--- START ---

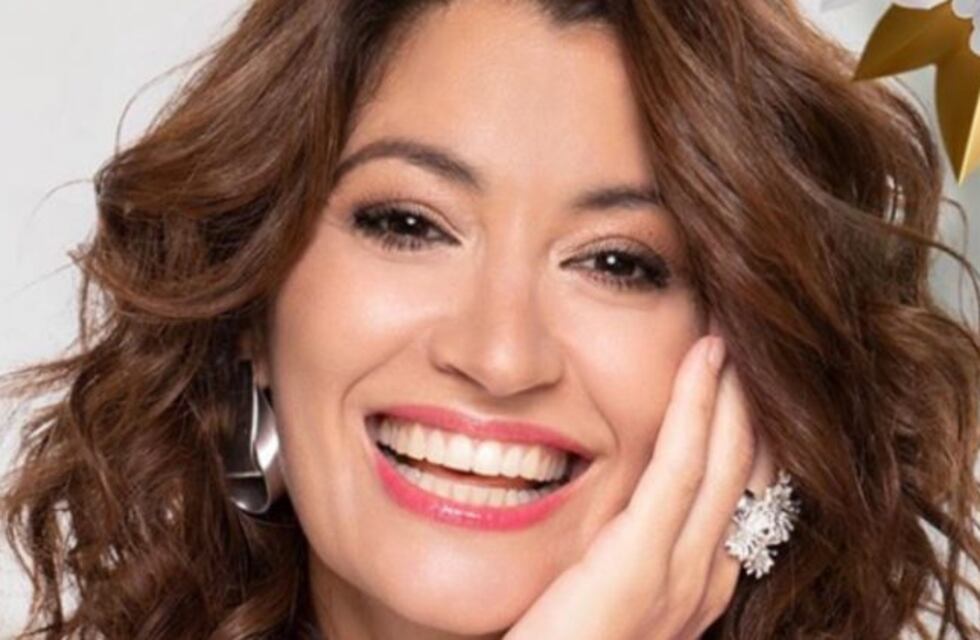 A sus 48 años, Carla Conte presumió su figura con un minivestido ajustado y botas texanas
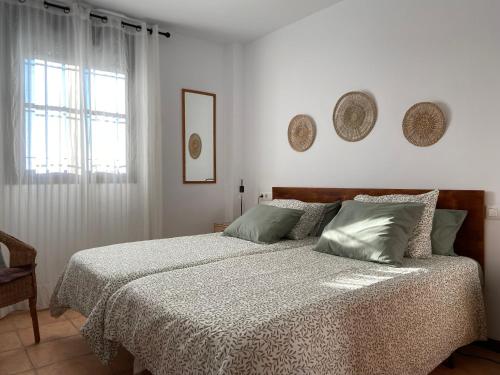 a bedroom with a large bed and a window at Apartamento con vistas al mar in Conil de la Frontera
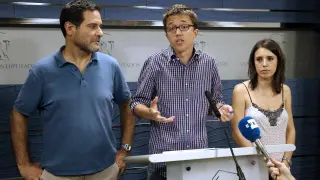 Íñigo Errejón, este martes, junto a Irene Montero y Josep Vendrell.
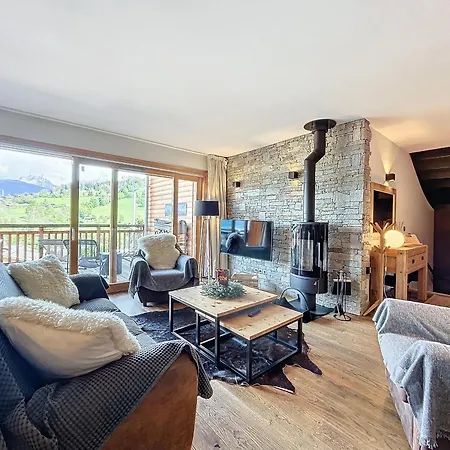 Chalet Demi-chalet De Luxe Avec Piscine Et Vue Mont Blanc - Fr-1-560-71 Combloux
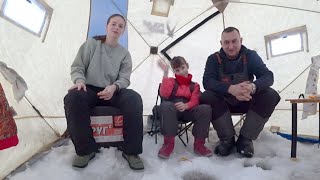 Рыбачим с дочками в полном комфорте. Зимняя рыбалка 2024. Fishing in winter.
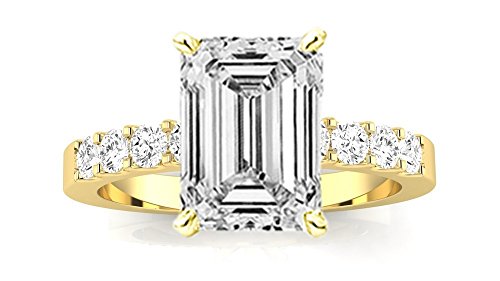1.5 Ctw Emerald Cut Classic Prong Set Round 14K Yellow Gold Diamond Engagement Ring (I-J Color VS1-VS2 Clarity 1 Ct Center)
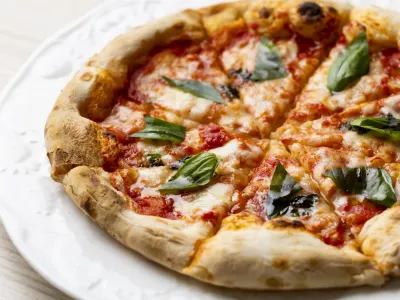 フレッシュバジルのクリスピーマルゲリータ　Crispy Margherita with Fresh Basil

--- END ---

* TASK DETAILS
Emit the lines of the data above from the one containing "Рыбачим с дочками" through its final line, both endpoints included. Pictures do not belong in the output.

* EXERCISE OUTPUT
 Рыбачим с дочками в полном комфорте. Зимняя рыбалка 2024. Fishing in winter.
1.5 Ctw Emerald Cut Classic Prong Set Round 14K Yellow Gold Diamond Engagement Ring (I-J Color VS1-VS2 Clarity 1 Ct Center)
 フレッシュバジルのクリスピーマルゲリータ　Crispy Margherita with Fresh Basil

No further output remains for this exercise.